(WORK REQUEST):
Take the entries below and print only the lines from the one with "Gesthaven Dining Room" through the one with "katie, jeune homme, katy", exactly as they stand, both ends included.
RECORD EXCERPTS Start Marker
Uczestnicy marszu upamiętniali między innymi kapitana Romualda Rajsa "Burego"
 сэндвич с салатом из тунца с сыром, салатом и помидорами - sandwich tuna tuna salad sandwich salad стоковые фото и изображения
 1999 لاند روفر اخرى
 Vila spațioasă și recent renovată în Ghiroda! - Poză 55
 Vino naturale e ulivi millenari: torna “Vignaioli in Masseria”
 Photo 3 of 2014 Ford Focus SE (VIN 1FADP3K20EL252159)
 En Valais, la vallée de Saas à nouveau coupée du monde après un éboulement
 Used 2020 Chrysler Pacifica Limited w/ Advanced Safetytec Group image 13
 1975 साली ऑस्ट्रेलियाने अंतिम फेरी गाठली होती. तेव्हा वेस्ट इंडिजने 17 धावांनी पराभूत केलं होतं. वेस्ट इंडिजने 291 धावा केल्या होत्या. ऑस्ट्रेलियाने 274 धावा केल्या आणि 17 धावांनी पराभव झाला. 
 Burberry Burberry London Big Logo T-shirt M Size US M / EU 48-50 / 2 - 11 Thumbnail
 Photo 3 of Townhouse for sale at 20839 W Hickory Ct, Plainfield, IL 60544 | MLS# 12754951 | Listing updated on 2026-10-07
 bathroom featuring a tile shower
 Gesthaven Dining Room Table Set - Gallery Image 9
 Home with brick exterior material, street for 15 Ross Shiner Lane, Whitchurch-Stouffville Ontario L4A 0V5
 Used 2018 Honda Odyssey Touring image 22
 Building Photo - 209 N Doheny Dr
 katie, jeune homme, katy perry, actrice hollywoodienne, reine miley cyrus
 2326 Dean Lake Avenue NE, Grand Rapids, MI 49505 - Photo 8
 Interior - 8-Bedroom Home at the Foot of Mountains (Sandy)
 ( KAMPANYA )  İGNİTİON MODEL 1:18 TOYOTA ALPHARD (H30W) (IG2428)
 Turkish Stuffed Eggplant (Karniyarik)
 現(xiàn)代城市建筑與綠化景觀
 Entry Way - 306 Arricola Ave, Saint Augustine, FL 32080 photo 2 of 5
RECORD EXCERPTS End Marker
(RESULT FOR THIS EXERCISE):
 Gesthaven Dining Room Table Set - Gallery Image 9
 Home with brick exterior material, street for 15 Ross Shiner Lane, Whitchurch-Stouffville Ontario L4A 0V5
 Used 2018 Honda Odyssey Touring image 22
 Building Photo - 209 N Doheny Dr
 katie, jeune homme, katy perry, actrice hollywoodienne, reine miley cyrus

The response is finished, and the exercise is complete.